The beginnings of the science of kalam, which translates as ‘‘speech’’ and which thus may correspond to logos with all the allusions that word carries, are still partly under a shroud (For studies see van Ess 1991-1995; Frank 2005-2008.) Doubtless the growing intellectual needs of the rapidly expanding Muslim community explain much: the explication of the fundamentals of religion (usul al-dln) without recourse either to the ‘Uthmanic codex, the contested Prophetic traditions (hadlth), or the divergent paths of Islamic law will have been desirable both in the face of increasing doctrinal controversy and in terms of interfaith dialogue and polemic. Kalam provided a tool for explicating the Muslim worldview in more refined terms than mere Scriptural exegesis would allow: it provided the basis for an Islamic metaphysics, which in turn served as the foundation for speculation in domains such as natural philosophy and ethics.
It is difficult to imagine this happening without some influence from the overall Levantine intellectual milieu which the Muslims came to inhabit. Still, attempts to trace the origins of this or that kalam doctrine or approach to some specific ancient philosophical school (or indeed Christian theology) have all floundered, to the point that in this stage of the research it seems safer to assume that Islamic theology developed largely along independent lines. It is, for instance, highly doubtful that the atomism developed by the Mu'tazilite theologians, and later the other schools, would have had much to do with either Epicurus or Empedocles, seeing as how no primary sources in translation have been identified and the influence of second-hand reports must be considered negligible; and at any rate the atomism of the mutakallimUn was very much its own creature. The same goes for the theologians’ metaphysics, which appropriated the vocabulary of substance and accident (jawhar, ‘arad), but interpreted these terms in a way so far removed from the Greek mainstream that it cannot have arisen out of a corruption or a misunderstanding of Aristotelian ontology (contrary to what some Muslim Peripatetics, and later historians of philosophy, may have liked to think). A third example comes from the supposed influence of the Stoic school, which once was a favorite source of speculation among historians, but has now been widely discredited as a hypothesis, for simple lack of evidence (see Gutas 1994). With Richard Frank, it seems better to affirm the possibility of kalam theology being philosophical in approach and method without thereby having to reduce it to Greek philosophy, either by way of influence or through an unflattering comparison.
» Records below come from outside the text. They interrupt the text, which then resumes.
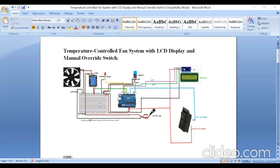For the automatic method, we are using a DHT11 sensor to find out the temperature. The temperature and humidity parameters are displayed on an LCD display. To reduce the number of wires, I am using an I2C module with the LCD display, which has only four pins: SCL (serial clock), SDA (serial data), VCC, and ground.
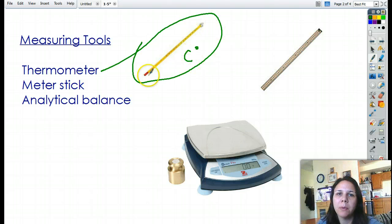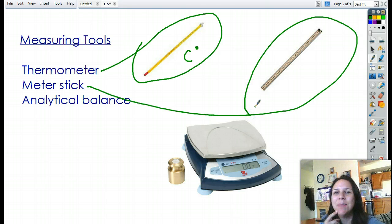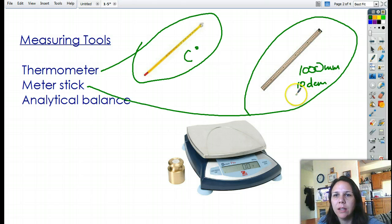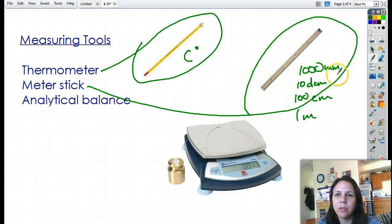All of our thermometers will always be in Celsius. We have a meter stick — not a yardstick, that doesn't count. It's a meter stick with one meter or a thousand millimeters, ten decimeters, and a hundred centimeters. All of our measurements are in metric, so this will all have meter in it somewhere.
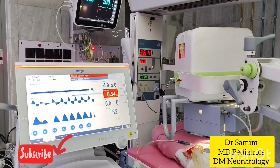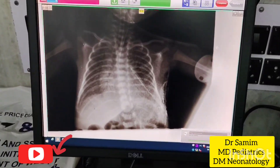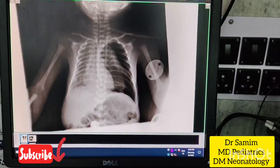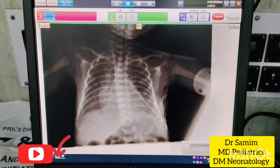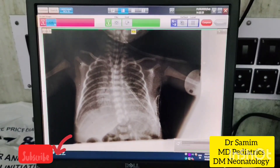Now we are doing a chest radiogram to see the position of the ICD tube. This is the chest radiography before ICD placement, and this one is after ICD placement.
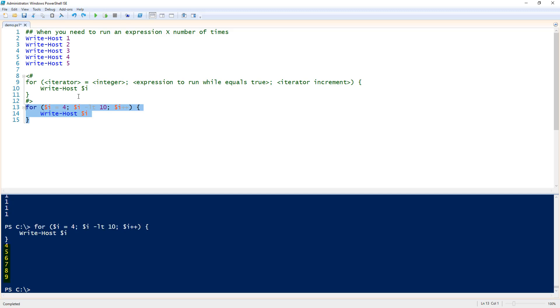So a for loop is great for those times when you want to run a command or something a set number of times. That concludes the snip on understanding for loops in PowerShell.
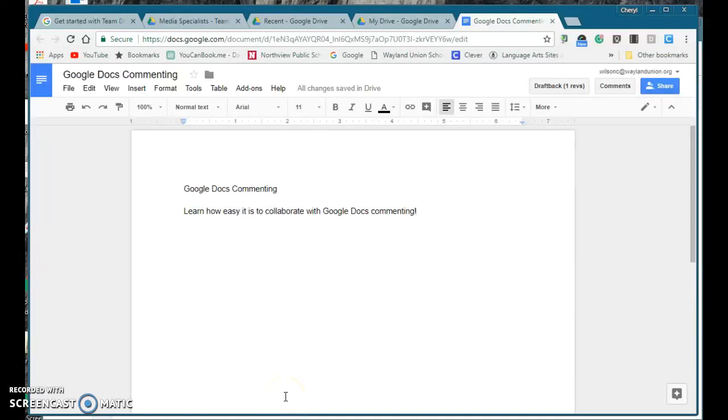Many people already know that Google Docs is a great collaboration tool. I want to show you another feature with commenting that makes it even better.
At least in two areas the influence of the late antique school tradition on early Muslim speculation is nonetheless plain to see. In the first place, the method for theological disputation itself appears to have been an adaptation of Aristotelian dialectic, more or less consciously taken up in early encounters with Christian theologians long since accustomed to its application in theological disputes (see Rissanen 1993). In the second, certain cosmological problems and puzzles, having to do with how the world relates to its transcendent cause, were taken over from late antique debates. Going back to pre-Plotinian Platonism, philosophers and theologians (Jew and Christian) had argued over whether the world was eternal, created out of nothing, or formed out of a preexistent matter: Muslims discussed these problems not only with great vigor, but with obvious recourse to ancient materials. Notably, the Muslim theologians drew on the works of John Philoponus (d. 574) when developing their proofs for the world necessarily having a limited past, a move that would later set them in opposition to the Arabic Aristotelians. These two early examples of an early, ‘‘native,’’ and theological use of Aristotle are reflected in the fact that the two Aristotelian treatises first picked up for translation into the Arabic were the Topics and the Physics (We also have a report of a late-eighth-century refutation of Aristotelian theology. Given that this predates the translation both of Aristotle’s Metaphysics and of the so-called Theology of Aristotle, the refutation is likely to have had the Physics proof for a Prime Mover as its target).